Saša Ozmo, Serbian TV journalist and long-time companion of the national hero, says: “He experienced NATO bombings, slept in the air-raid shelter and smelled the smell of blood at night. His origins, the war and the poverty in Serbia made him strong .”
Oppressed underdog
On the pitch, Djokovic is always the outsider, the bogeyman. Because he tends to choleric outbursts more than others – one might think. But even his ex-coach Boris Becker uses the narrative of the racially oppressed underdog: “The tennis world has been divided into fans of Federer and Nadal for 20 years – a Serb comes along and ruins the party. He doesn’t come from neutral Switzerland, not out popular Spain, he comes from a civil war country called Serbia. Those aren’t ideal omens,” says Becker. Although Aleksandar Vučić could have said the same thing.

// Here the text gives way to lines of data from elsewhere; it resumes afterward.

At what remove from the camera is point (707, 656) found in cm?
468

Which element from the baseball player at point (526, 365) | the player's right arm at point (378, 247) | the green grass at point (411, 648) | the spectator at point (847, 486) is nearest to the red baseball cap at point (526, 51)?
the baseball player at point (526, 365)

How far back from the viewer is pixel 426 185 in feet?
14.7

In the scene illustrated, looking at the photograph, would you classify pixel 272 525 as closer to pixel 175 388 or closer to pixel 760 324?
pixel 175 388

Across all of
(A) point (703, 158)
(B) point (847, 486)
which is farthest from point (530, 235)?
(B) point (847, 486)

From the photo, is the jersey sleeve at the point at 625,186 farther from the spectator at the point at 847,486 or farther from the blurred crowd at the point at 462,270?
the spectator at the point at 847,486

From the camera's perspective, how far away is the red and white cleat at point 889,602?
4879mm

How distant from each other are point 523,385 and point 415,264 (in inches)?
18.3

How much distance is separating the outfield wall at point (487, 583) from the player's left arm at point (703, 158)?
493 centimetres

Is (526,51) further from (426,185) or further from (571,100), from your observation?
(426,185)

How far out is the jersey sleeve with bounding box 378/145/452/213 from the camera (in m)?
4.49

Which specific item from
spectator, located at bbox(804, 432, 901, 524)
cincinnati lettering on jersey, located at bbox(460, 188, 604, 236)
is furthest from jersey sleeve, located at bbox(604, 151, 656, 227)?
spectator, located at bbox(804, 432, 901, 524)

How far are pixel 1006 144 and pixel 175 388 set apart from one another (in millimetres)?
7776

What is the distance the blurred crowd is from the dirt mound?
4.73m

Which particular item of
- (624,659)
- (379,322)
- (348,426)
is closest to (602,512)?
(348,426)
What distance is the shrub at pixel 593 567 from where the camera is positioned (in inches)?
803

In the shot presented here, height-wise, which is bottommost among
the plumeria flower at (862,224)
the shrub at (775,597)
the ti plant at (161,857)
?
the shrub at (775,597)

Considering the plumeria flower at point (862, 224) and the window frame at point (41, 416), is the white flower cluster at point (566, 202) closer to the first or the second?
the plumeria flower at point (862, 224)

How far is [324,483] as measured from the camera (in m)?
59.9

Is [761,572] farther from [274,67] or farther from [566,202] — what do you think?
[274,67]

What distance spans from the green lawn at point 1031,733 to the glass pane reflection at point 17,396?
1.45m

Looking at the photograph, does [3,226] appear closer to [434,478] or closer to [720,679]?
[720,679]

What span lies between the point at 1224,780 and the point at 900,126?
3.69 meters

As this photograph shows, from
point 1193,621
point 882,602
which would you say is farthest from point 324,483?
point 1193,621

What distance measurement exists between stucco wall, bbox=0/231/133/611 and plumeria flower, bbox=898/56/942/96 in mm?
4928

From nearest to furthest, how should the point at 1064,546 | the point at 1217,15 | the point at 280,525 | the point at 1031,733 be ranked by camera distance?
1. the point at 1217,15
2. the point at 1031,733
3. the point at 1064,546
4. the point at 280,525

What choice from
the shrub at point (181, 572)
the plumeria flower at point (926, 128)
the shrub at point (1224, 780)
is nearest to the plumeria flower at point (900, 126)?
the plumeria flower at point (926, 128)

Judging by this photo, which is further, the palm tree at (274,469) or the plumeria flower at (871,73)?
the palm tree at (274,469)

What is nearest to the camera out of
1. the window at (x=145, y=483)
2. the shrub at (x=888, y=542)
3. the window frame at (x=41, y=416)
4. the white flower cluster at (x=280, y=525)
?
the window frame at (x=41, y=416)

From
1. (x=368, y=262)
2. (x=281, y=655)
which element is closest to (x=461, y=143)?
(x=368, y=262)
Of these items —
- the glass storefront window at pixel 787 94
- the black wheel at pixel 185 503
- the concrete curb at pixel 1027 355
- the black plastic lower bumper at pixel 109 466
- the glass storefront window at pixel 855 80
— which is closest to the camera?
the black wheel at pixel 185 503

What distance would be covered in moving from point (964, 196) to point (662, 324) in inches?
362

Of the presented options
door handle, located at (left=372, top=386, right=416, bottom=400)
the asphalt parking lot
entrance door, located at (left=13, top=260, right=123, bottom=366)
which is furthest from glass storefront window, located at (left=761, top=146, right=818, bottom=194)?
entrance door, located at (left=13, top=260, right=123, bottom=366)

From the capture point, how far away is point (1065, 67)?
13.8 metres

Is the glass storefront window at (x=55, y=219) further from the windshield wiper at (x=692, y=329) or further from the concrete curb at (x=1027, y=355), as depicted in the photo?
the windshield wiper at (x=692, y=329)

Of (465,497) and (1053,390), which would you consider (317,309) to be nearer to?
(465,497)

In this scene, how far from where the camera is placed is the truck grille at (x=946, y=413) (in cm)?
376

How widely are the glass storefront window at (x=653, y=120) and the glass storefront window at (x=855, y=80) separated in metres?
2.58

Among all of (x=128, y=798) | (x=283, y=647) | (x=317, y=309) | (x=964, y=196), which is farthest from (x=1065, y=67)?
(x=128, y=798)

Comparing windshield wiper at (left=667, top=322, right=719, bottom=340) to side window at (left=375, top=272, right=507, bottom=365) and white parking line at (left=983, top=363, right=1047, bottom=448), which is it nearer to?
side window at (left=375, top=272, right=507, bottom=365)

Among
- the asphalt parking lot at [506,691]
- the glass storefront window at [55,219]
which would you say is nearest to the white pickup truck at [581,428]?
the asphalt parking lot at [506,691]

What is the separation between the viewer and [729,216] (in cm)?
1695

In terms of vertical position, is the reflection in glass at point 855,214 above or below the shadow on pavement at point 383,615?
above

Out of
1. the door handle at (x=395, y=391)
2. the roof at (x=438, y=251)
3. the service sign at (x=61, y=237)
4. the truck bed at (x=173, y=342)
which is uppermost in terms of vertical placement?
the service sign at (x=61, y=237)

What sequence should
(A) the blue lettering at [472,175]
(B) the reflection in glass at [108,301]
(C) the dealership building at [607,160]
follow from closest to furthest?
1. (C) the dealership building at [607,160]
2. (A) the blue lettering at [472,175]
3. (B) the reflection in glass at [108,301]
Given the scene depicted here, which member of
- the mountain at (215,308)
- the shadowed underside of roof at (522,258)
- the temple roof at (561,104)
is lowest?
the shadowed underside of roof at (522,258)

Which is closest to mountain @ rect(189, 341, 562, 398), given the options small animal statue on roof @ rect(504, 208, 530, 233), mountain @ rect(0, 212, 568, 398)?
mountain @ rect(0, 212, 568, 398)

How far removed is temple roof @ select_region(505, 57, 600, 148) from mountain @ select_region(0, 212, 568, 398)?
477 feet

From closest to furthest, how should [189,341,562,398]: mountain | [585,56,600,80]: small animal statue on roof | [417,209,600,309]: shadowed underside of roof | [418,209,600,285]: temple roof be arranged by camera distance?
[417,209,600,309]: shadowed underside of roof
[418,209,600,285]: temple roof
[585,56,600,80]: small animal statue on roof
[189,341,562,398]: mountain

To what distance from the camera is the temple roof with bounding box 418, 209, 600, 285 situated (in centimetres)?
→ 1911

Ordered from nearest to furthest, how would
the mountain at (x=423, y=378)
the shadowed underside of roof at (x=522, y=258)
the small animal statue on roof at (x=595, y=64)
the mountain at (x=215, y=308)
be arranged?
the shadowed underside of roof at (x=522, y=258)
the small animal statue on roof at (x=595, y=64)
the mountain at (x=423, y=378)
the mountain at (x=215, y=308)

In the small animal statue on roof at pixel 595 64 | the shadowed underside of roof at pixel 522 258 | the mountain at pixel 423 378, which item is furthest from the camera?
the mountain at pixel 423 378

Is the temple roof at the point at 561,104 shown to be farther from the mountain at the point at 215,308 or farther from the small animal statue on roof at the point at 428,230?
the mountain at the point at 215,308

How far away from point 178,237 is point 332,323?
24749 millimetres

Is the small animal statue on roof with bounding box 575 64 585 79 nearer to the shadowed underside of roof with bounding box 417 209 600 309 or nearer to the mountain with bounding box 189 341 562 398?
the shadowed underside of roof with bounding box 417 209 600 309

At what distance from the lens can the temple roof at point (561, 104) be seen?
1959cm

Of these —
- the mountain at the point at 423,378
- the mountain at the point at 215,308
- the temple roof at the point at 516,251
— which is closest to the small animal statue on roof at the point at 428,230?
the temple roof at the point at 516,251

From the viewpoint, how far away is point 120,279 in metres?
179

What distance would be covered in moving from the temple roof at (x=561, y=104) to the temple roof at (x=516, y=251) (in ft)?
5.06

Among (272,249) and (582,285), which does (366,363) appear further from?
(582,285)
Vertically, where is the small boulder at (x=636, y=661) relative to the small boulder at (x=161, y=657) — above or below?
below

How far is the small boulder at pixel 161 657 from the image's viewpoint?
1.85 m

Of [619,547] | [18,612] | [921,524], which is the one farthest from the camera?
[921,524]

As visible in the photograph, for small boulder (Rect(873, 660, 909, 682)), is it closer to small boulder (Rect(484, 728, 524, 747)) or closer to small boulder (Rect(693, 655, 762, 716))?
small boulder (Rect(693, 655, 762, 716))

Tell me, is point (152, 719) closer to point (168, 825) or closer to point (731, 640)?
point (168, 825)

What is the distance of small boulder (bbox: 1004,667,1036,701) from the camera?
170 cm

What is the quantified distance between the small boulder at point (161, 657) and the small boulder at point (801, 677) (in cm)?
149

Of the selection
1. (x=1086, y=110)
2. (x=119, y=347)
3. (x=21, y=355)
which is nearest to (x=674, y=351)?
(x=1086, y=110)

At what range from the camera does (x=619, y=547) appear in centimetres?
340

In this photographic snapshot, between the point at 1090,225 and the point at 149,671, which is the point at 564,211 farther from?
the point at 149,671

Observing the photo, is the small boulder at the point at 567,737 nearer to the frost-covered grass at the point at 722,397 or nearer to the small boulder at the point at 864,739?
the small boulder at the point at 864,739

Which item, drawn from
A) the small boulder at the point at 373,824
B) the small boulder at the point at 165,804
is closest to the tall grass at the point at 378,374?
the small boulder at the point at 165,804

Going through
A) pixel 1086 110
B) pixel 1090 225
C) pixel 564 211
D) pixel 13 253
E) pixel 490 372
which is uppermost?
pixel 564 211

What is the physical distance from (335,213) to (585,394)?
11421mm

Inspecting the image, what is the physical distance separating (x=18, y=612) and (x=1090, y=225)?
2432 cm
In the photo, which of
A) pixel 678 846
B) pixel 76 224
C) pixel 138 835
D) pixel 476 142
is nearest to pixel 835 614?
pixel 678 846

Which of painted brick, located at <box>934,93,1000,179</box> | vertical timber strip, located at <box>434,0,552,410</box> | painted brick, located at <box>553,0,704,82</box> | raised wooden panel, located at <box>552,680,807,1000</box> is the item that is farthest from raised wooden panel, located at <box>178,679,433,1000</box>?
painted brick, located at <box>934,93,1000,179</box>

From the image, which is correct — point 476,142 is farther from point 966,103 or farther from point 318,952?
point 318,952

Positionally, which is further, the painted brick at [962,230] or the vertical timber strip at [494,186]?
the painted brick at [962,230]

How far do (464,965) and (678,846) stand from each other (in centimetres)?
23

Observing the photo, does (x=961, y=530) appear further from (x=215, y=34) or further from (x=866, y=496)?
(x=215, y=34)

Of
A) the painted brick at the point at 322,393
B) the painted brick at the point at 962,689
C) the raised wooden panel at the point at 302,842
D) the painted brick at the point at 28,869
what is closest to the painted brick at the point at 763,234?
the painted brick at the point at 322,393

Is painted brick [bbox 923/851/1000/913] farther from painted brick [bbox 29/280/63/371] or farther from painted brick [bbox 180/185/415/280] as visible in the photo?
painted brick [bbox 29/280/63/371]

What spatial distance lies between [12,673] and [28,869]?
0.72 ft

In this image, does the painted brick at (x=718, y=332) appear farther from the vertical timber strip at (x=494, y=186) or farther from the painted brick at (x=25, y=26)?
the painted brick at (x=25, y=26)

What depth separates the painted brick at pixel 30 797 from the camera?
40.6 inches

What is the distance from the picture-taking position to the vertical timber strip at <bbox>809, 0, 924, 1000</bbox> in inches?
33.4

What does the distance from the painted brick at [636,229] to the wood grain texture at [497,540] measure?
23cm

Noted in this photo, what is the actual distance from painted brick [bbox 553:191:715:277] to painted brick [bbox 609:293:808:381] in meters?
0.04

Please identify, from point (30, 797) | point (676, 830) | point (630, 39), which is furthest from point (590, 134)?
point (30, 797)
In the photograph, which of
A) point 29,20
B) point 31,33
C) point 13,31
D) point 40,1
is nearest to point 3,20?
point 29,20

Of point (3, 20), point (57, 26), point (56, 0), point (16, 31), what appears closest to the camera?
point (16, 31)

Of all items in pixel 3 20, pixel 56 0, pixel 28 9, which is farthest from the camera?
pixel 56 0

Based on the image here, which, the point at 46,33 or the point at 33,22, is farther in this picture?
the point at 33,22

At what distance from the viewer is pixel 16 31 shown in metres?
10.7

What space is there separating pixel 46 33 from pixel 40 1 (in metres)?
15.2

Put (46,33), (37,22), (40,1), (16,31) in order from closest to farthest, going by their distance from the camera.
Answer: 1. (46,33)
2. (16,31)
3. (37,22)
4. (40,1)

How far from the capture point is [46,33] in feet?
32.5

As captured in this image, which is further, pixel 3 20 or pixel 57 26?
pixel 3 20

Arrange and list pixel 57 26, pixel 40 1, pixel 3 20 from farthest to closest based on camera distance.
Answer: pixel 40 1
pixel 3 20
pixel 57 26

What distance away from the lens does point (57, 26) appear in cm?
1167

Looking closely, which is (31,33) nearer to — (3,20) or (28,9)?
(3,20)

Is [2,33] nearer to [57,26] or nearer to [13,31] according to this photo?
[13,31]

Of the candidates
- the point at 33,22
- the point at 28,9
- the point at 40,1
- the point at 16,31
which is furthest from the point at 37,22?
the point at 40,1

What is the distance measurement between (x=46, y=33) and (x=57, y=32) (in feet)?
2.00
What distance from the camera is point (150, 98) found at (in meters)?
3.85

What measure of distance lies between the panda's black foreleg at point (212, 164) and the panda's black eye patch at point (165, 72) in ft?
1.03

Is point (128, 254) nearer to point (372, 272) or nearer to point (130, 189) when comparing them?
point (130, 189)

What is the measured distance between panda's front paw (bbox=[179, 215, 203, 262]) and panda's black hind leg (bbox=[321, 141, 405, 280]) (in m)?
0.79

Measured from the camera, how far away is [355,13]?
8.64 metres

And so Milorad Dodik, the ultra-nationalist leader of the Bosnian Serbs and a stubborn genocide denier, has long had his eye on the big son from the heartland: he invited him to his wedding and decorated him with the highest medal in his part of the country. An award previously only bestowed on select figures in Serbian history: Radovan Karadžić, convicted war criminal responsible for the siege of Sarajevo. And Ratko Mladić, convicted war criminal responsible for the Srebrenica massacre. The man whose graffiti has adorned the old town of Belgrade since the summer of last year: it is an oversized symbolic image – also for the parallel world of world star Novak Djokovic.